(Brief descriptive captions)

[Start of Attachment]

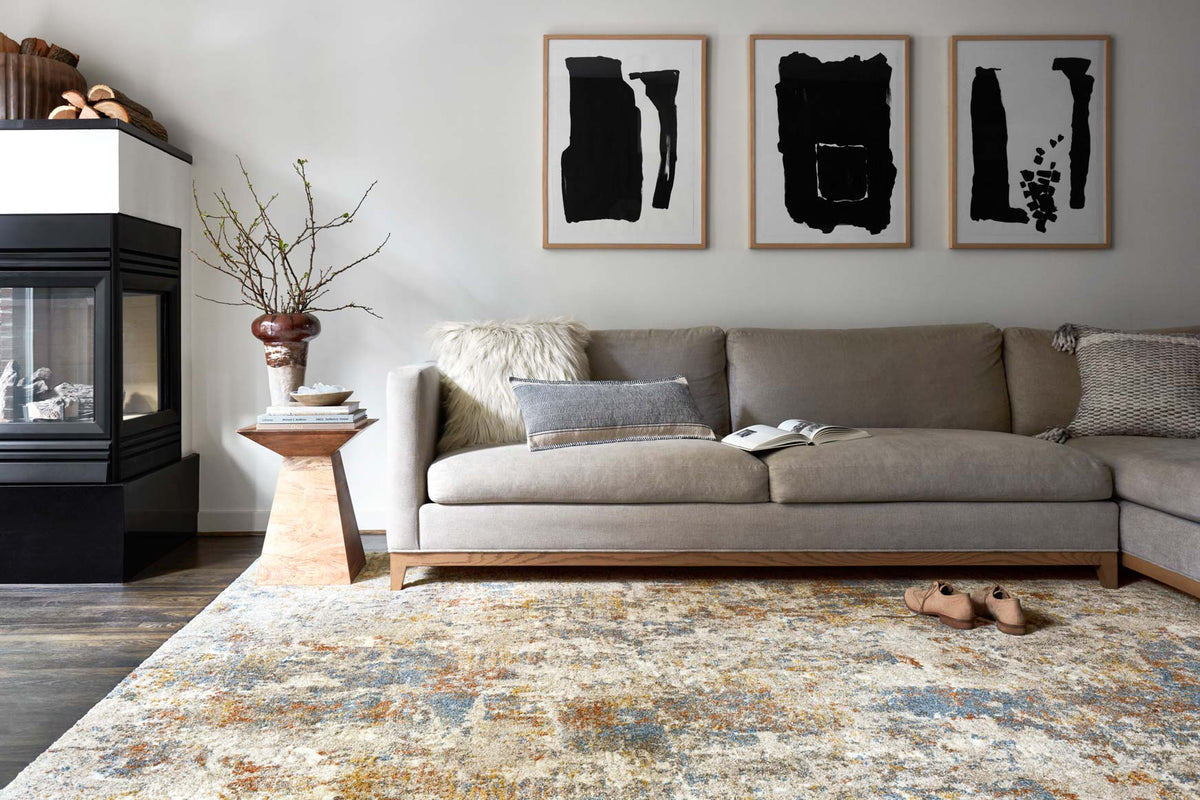 Loloi Landscape LAN-03 Multi area rug - image 4
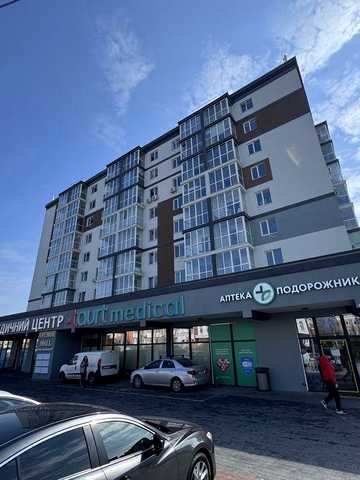 БЕЗ КОМІСІЇ, готова Евро 2к квартира 47м2, ЖК Іділіка авеню ЖК Іділіка Авеню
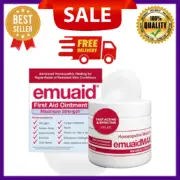 Ointment Emuaidmax Aid First Anti-Fungal Max 59ml Strength Ounce Emuaid 2oz, AU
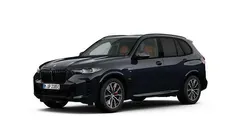 Zwart Gebruikt 2025 BMW X5 Comfort Edition SUV | € 99.895 (Eerlijke prijs)
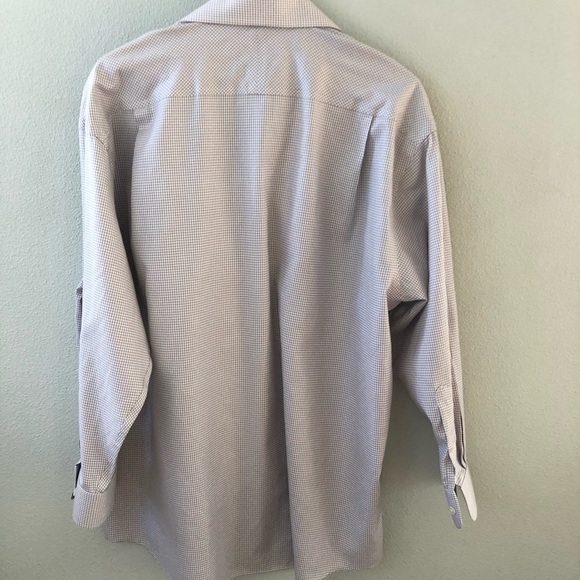 Jos A. Bank Egyptian cotton button down - Picture 4 of 5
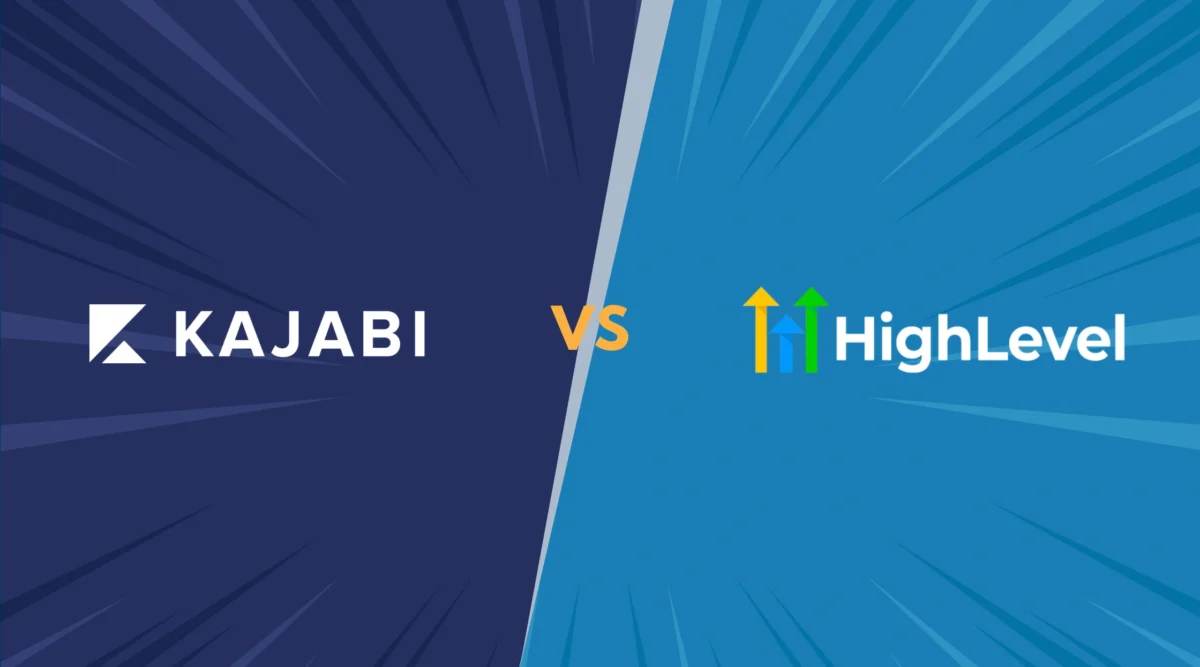 Kajabi vs GoHighLevel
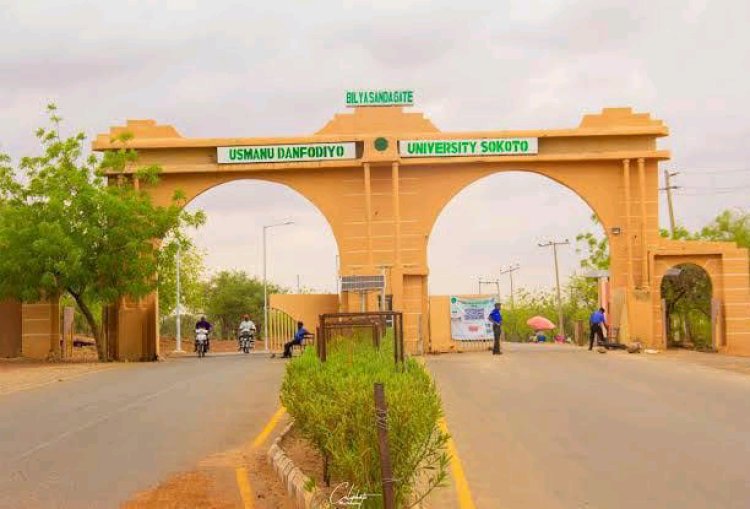 Usmanu Danfodiyo University Sokoto Nursing and Radiography Associations Host 5th Annual Sendforth Ceremony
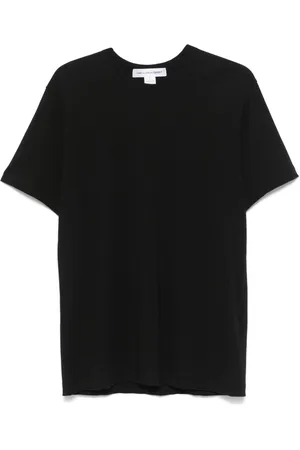 Comme des Garçons Patch-lettering T-shirt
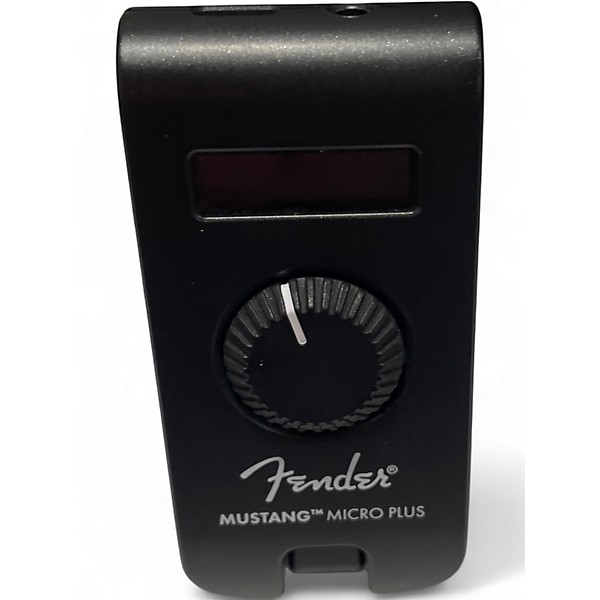 Used Fender MUSTANG MICRO PLUS Battery Powered Amp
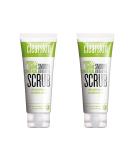 Buy 2 x Avon Clearskin Pore Penetrating Invigorating Scrub 75ml - Deep Cleanse & Refresh Your Skin | International Shipping Available - Buy Online on GoSupps.com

[End of Attachment]

Which lines run from the one containing "Kajabi vs GoHighLevel" through the last line of the entries above? Output them exactly, both ends included, with no pictures.

 Kajabi vs GoHighLevel
 Usmanu Danfodiyo University Sokoto Nursing and Radiography Associations Host 5th Annual Sendforth Ceremony
 Comme des Garçons Patch-lettering T-shirt
 Used Fender MUSTANG MICRO PLUS Battery Powered Amp
 Buy 2 x Avon Clearskin Pore Penetrating Invigorating Scrub 75ml - Deep Cleanse & Refresh Your Skin | International Shipping Available - Buy Online on GoSupps.com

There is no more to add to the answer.